Hello,
I want to create a workflow which will be scheduled to run at particular time to look for Duplicate files with names Repository wide.
Can someone suggest how to accomplish this or does anyone has made it already?
Regards,
S
Hello,
I want to create a workflow which will be scheduled to run at particular time to look for Duplicate files with names Repository wide.
Can someone suggest how to accomplish this or does anyone has made it already?
Regards,
S
I would run a custom query that gets the duplicates directly from the SQL database associated with the Laserfiche repository.
Something like
select count(name), name from toc where etype = -2 group by name having count(name) >=2
Depending on how many duplicates you have now, you may need to limit the number of results returned.
Then I would iterate through the search results and build a search query for a name search as a token.

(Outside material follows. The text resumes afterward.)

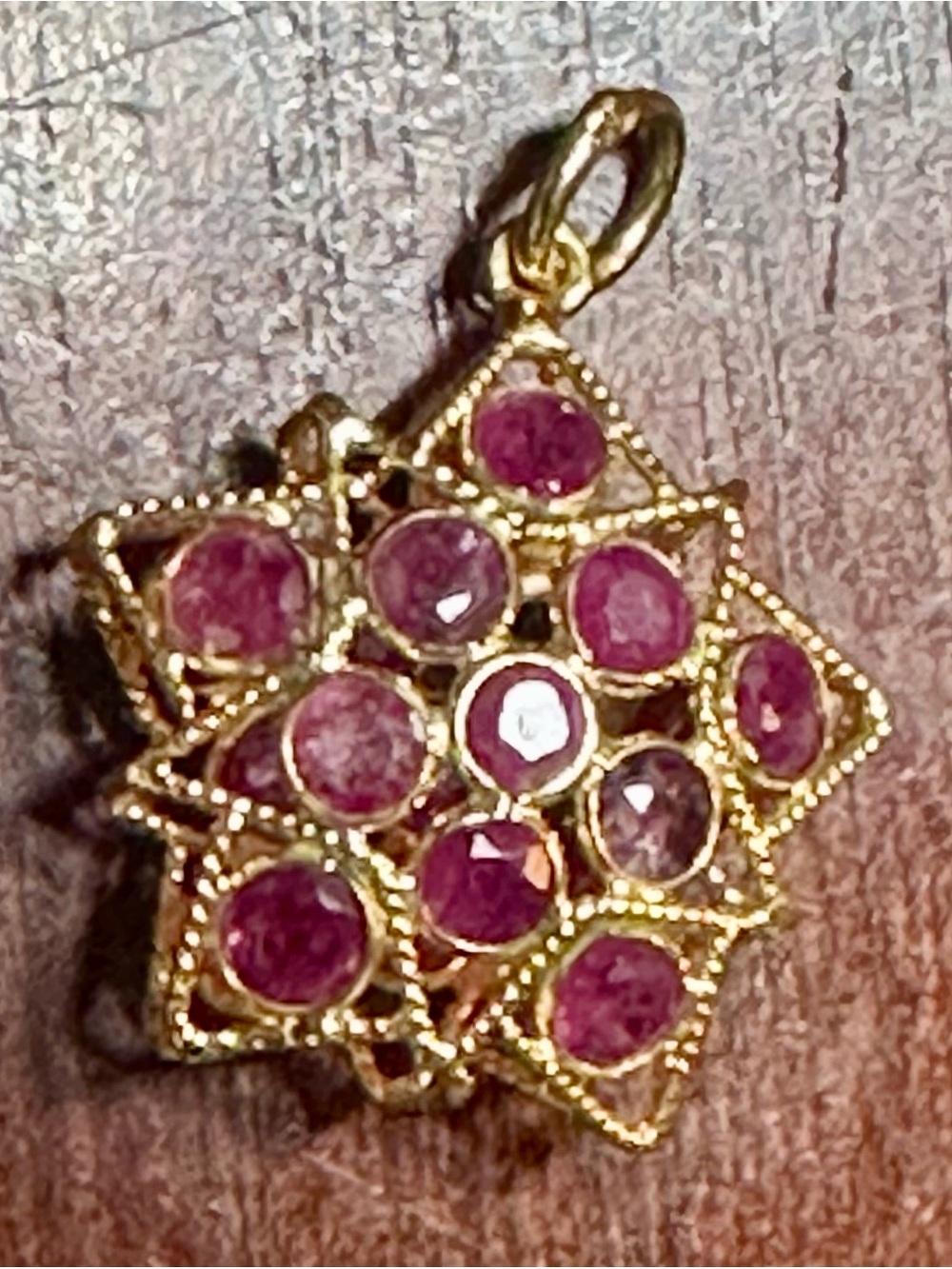 Vintage 18K Yellow Gold Mughal Ruby 2-sided Star Charm Pendant 22 Rubies 1.4g 3D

The next step depends on whether Web Access is available or not.
Hi Miruna,
Just checking on this as I'm missing something with the URL in that I get the URL for the first search string, but then there's no URL for the subsequent results, just the result token, so the URL isn't applying for the multi-token. e.g.
http://lfserver/laserfiche/index.aspx?db=repository#view=search;search=name1 | name2 | name3 | etc
What am I doing wrong please?
Thanks,
Mike
That's because you have spaces. Most mail clients will underline a URL until they run into a space.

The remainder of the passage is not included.